Le aspirazioni del rampollo della famiglia “Bella bella” si coagularono, trovarono un senso, la mattina del 28 luglio del 2004 con l’agguato portato a termine in via Roberta Lanzino. Il copione di ciò che avvenne quel giorno, poco dopo le 8.30, lo hanno scritto nel corso del tempo i vari pentiti. E nei giorni scorsi il capo della Procura antimafia di Catanzaro Nicola Gratteri, il pubblico ministero antimafia Camillo Falvo e il capo della Dia Antonio Di Turi, hanno tracciato il seguito di quella storia nelle pagine di un’ordinanza che ha portato alla notifica di sei misure cautelari nei confronti dei fratelli Daniele e Carlo Lamanna, Adolfo Foggetti, Mario Attanasio, Giovanni Abruzzese e Umile Miceli. I quali, secondo quanto hanno avuto modo di verificare gli investigatori, avrebbero supportato, con ruoli diversi, la missione di Michele Bruni. Missione che portò all’uccisione di Francesco Marincolo e al ferimento, incidentale, di Adriano Moretti.

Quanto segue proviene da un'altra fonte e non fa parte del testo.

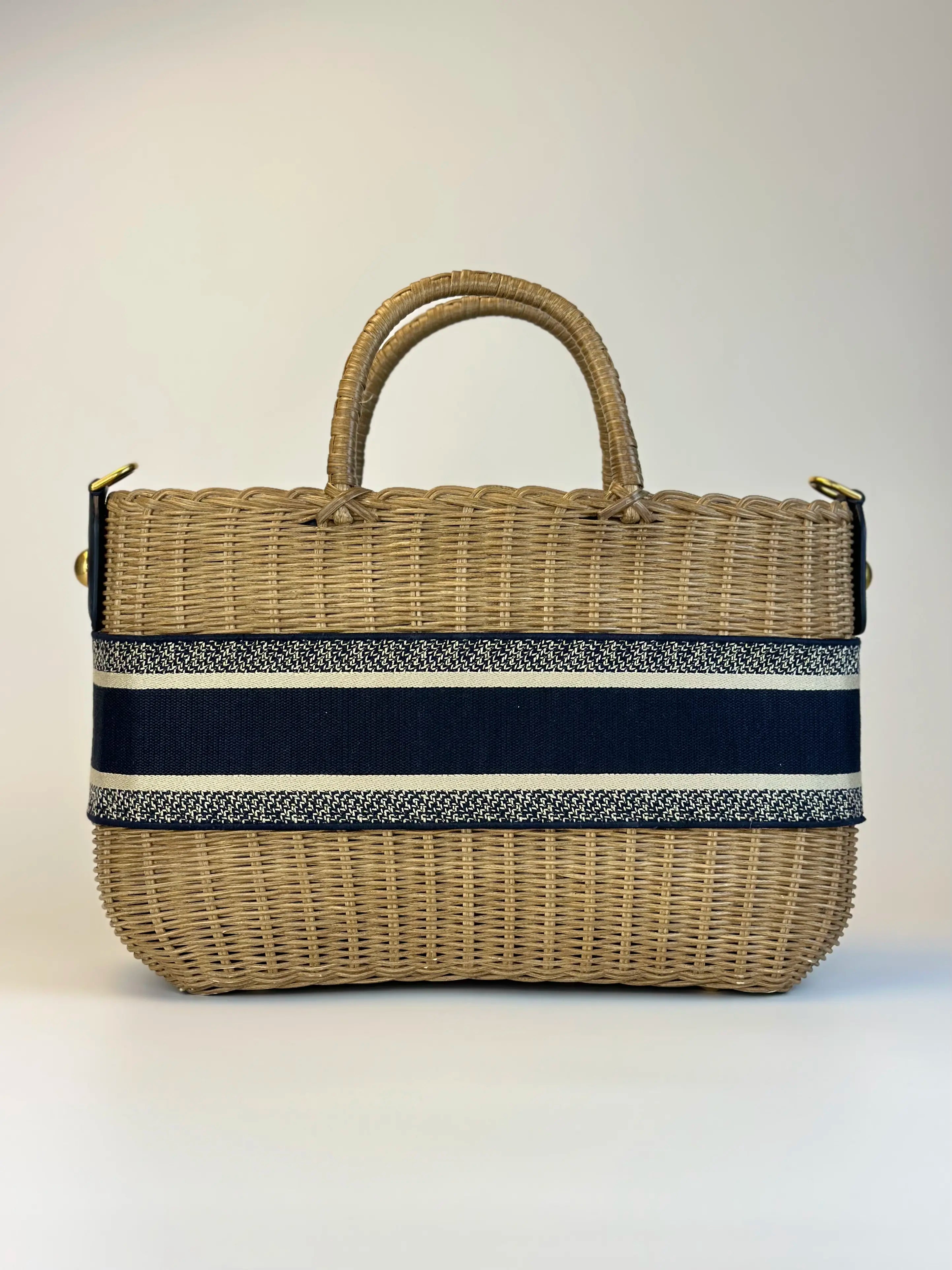 Christian Dior Logo-Jacquard Wicker Basket Bag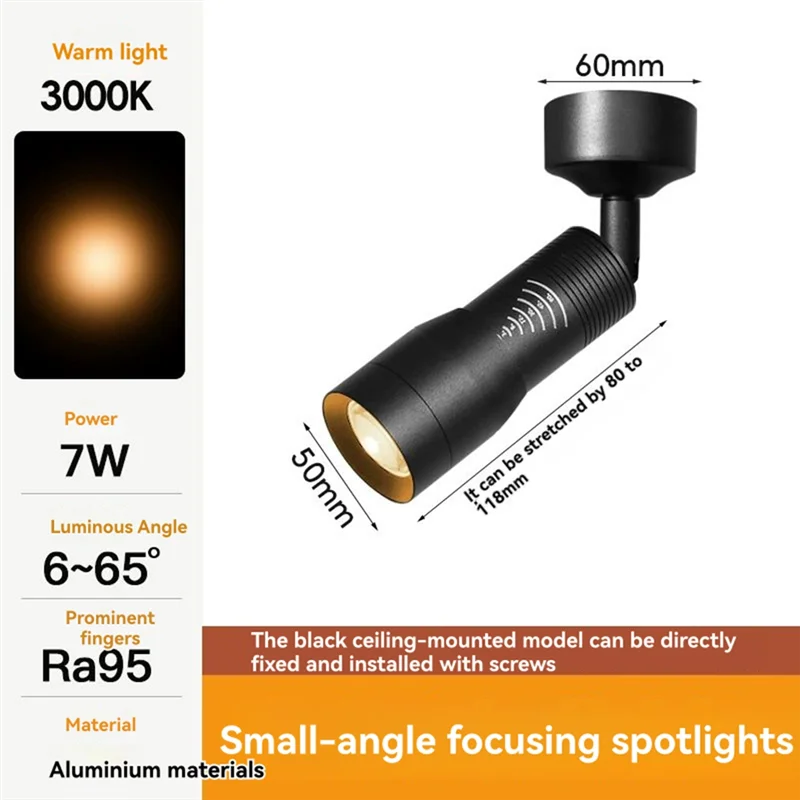 HLZS-Spotlight With Zoom Function 7W Ceiling Mounted Spotlight Adjustable 10°-60° Narrow Angle 3000K Light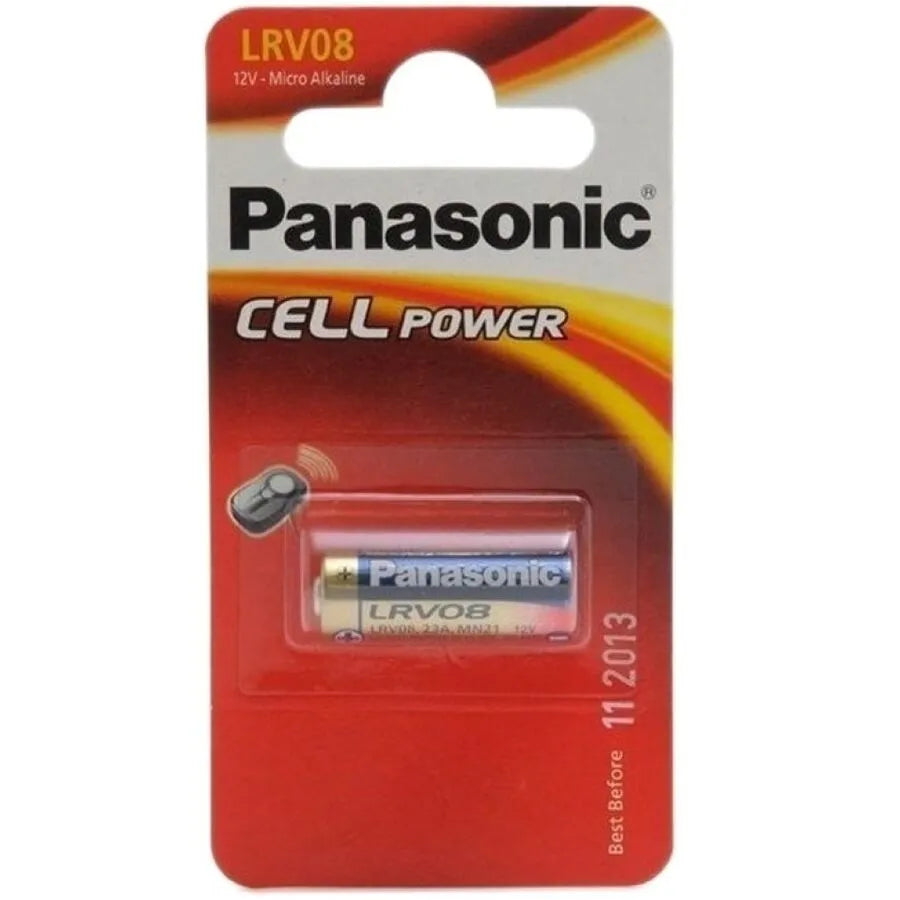 Batterie alcaline LR23 radiocommandes compacte miniature 28mm 10mm 55mAh douzevolts huitcellules LR932 compatible serrures portails garages systèmes sécurité durable fiable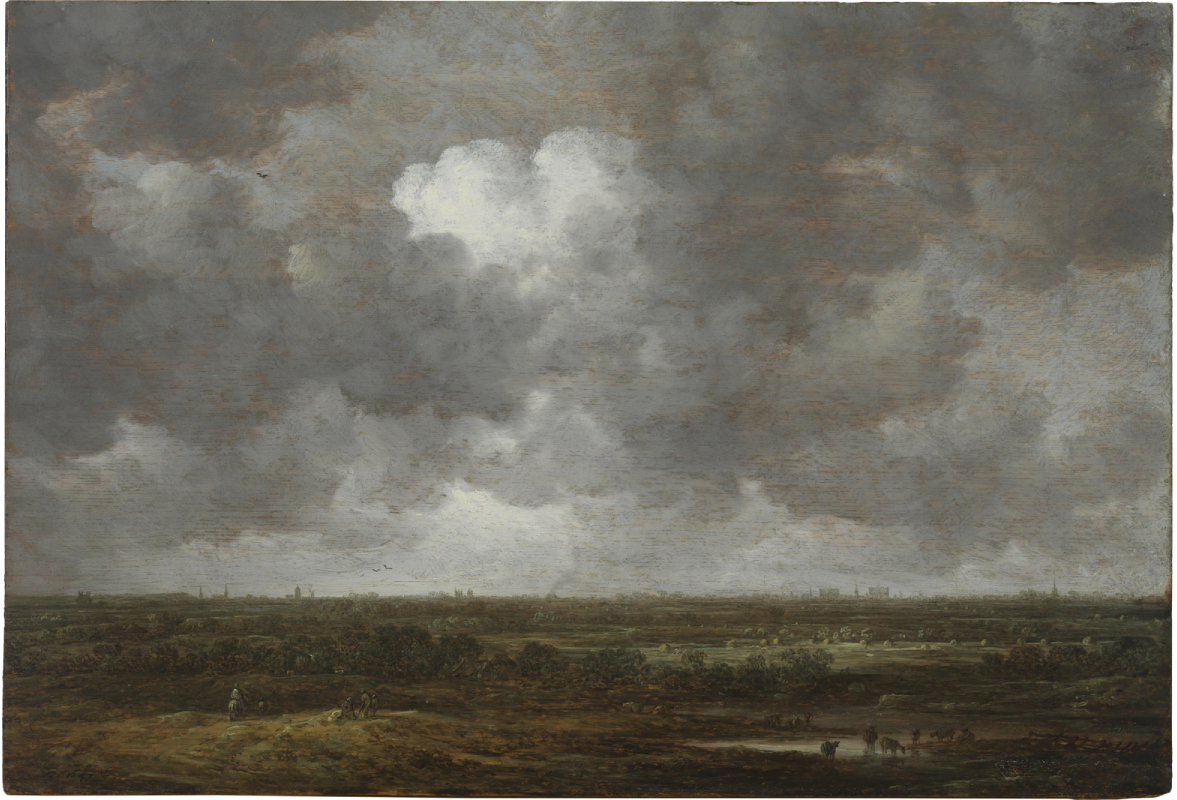 landscape; the sky is dark with billowing clouds, small people and livestock are visible at the fore of the wide, flat land; low collections of buildings can be made out on the horizon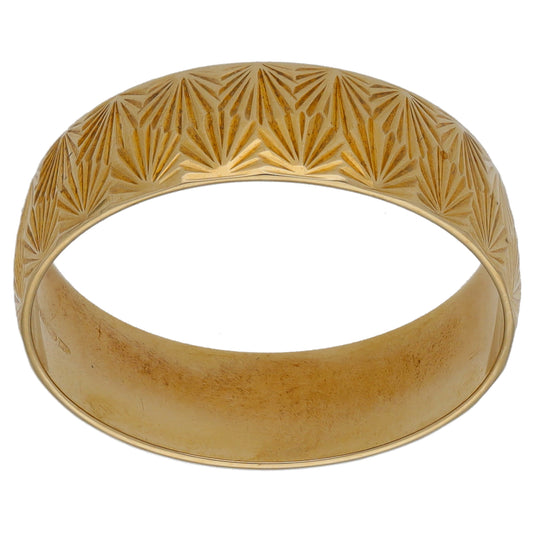 9ct Gold Patterned Wedding Ring Size O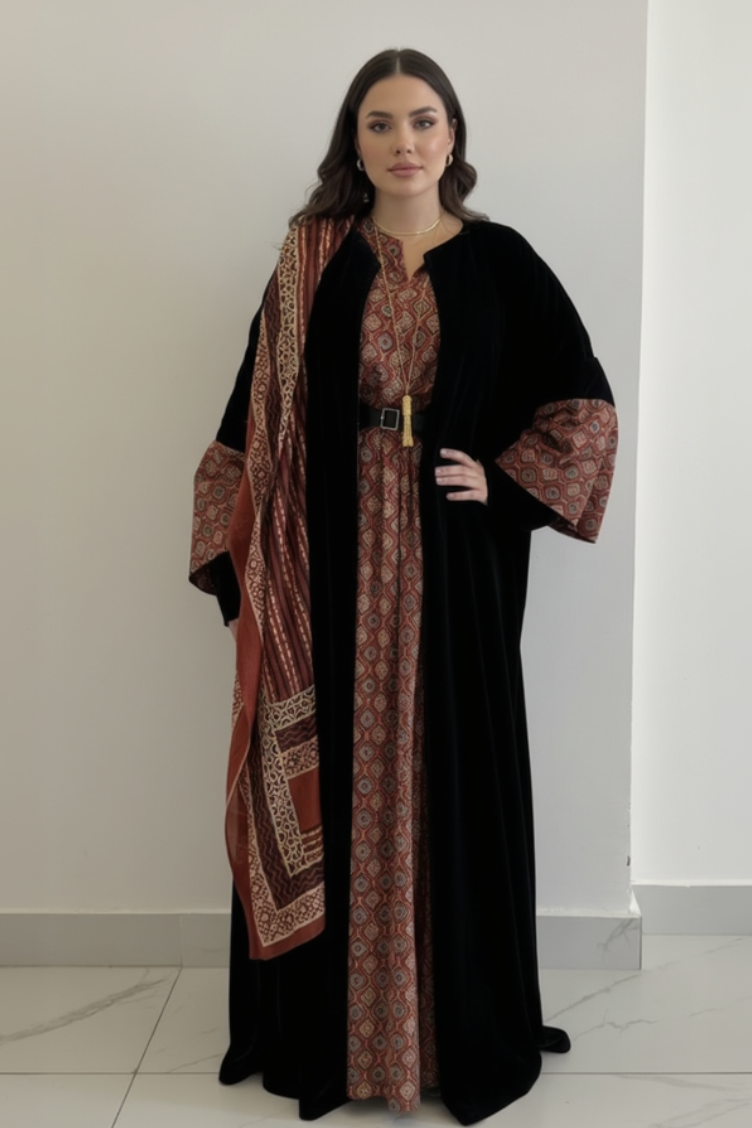 A39 - طقم بشت أسود مع ألوان ترابية دافئة من 3 قطع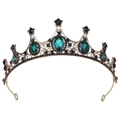 Detailansicht der smaragdgrünen Kristallsteine auf einer bronzenen Vintage-Tiara - Antikbronze Mit Schwarzen & Grünen Strasssteinen (H1147)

Il piano era stato studiato nei minimi dettagli. Però quella mattina alcune cose non andarono per il verso giusto. Il ferimento di Adriano Moretti, per esempio. Quella fu una sbavatura nel quadro che Michele Bruni dipinse con dieci proiettili d’una Beretta calibro 9. Il ferimento del cognato di Gianfranco Ruà (elemento di spicco dei clan cosentini), che occupava il posto del passeggero sulla Fiat Cinquecento guidata da “Marincolo-Franc’u biondo”, fu un incidente per il quale “Bella bella junior” dovette chiedere scusa. Il passaggio davanti al tribunale fu un altro errore, poi. In quanto – secondo quel che racconta il pentito Daniele Lamanna – nei pressi del palazzo di giustizia i due fuggitivi incrociarono l’auto del pubblico ministero antimafia Eugenio Facciolla. E per tanto tempo Michele Bruni – racconta il collaboratore di giustizia – visse col cruccio d’essere stato riconosciuto, nonostante il casco integrale, dal magistrato. In ogni caso, le indagini su quell’omicidio – che segnò la fine della faida tra i clan e la firma d’un trattato di pace per spartirsi il territorio – si focalizzarono sin dall’inizio proprio su Michele Bruni. La vendetta per la morte del padre era una firma indelebile.